El primer gesto del día, para millones de españoles, ya no es un bostezo. Es el pulgar deslizándose sobre la pantalla del móvil, buscando una oferta de vuelo, un chollo de última hora, un mensaje de la agencia de viajes. Es julio, hace calor, y el verano promete ser una huida hacia adelante. Pero esa misma pantalla que nos promete la playa es también la puerta trasera por la que entran las estafas. Más de 45.000 correos fraudulentos han sido detectados en el sector turístico en las últimas semanas 2, según fuentes de abc.es. No es una anécdota: es la nueva geografía del tiempo libre, un territorio minado por algoritmos que nos conocen mejor que nosotros mismos.
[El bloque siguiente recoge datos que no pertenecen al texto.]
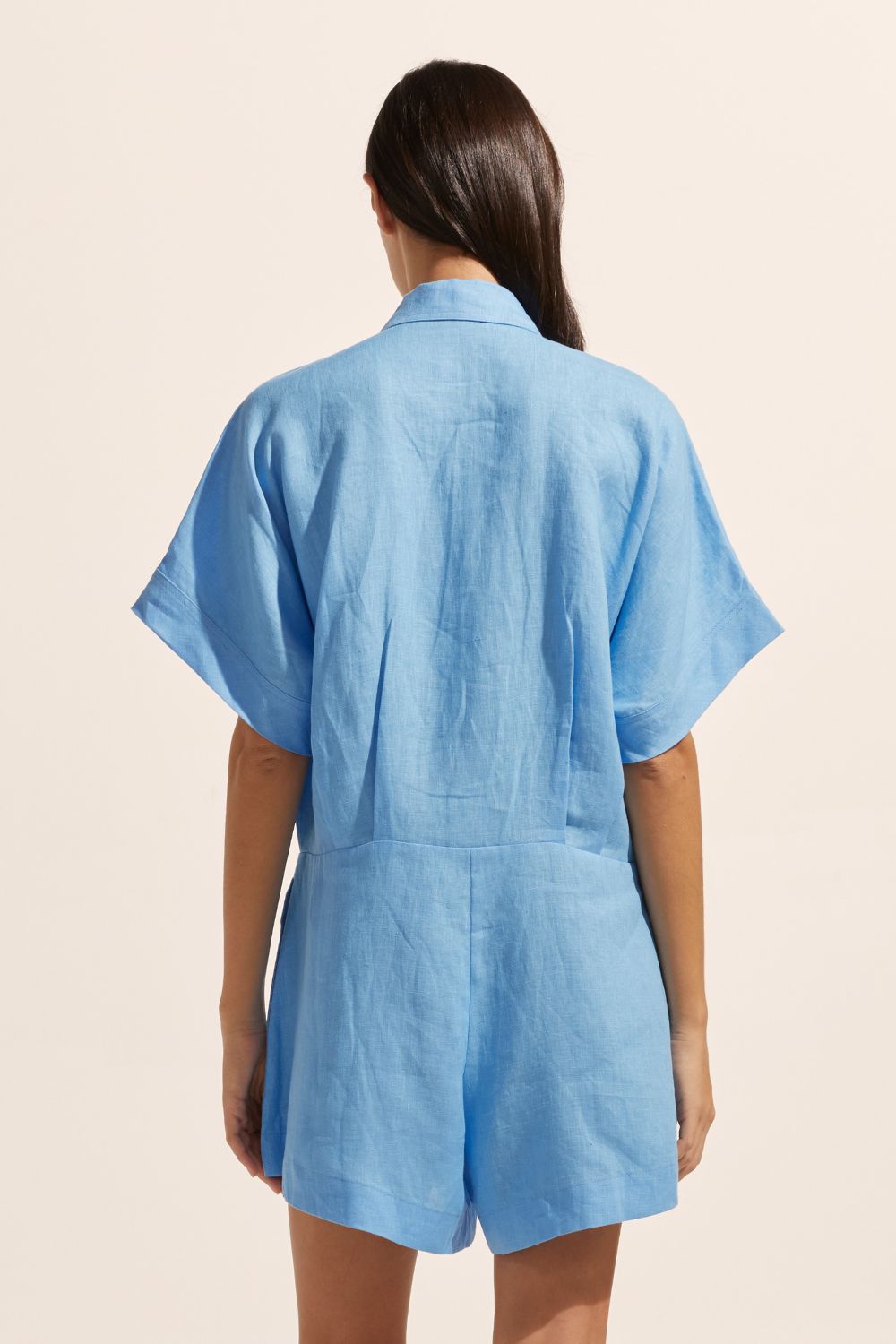 blue, jumpsuit, button down collar, oversized patch pockets, back view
La paradoja es que, mientras nos volvemos más vulnerables en el ocio, nuestras relaciones íntimas parecen ganar en madurez. Los divorcios en España cayeron un 2,7% en 2025, hasta los 80.785, y por primera vez la custodia compartida superó el 50% de los casos con hijos 1. Es un dato alentador, sin duda, pero que conviene leer con cuidado: no es que las parejas se peleen menos, sino que el sistema legal y cultural ha empezado a normalizar un modelo de crianza más equitativo. La pregunta incómoda es si ese avance en la negociación doméstica se traslada también a la esfera pública, al consumo, a la confianza en las instituciones.
Porque la desconfianza, al parecer, se combate con verificaciones manuales. En Medellín, una imagen falsa sobre una supuesta nueva rotación del pico y placa circuló por redes sociales hasta que la Secretaría de Movilidad tuvo que desmentirla 3. La medida sigue igual, pero el daño ya está hecho: la velocidad de la mentira siempre supera a la de la corrección. Es el mismo principio que opera en las estafas de viajes: el engaño se disfraza de urgencia, de oferta irrepetible, de necesidad de decidir ya.
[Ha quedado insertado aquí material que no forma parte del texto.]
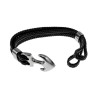 Unisex RVS Nautische Armband van Gevlochten Echt Leer en RVS met Anker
Y luego está la mirada de nuestros perros. La oftalmóloga veterinaria Laura Muñoz, fundadora de Ocularvet, aclara que los perros no ven en blanco y negro, sino que tienen visión dicromática: distinguen azules y amarillos, pero los rojos y verdes se les aparecen como tonos similares 4. Es un dato curioso, sí, pero también una metáfora: nosotros también vemos el mundo con un espectro limitado, filtrado por nuestras prisas, nuestros deseos y la información que nos llega empaquetada como verdad.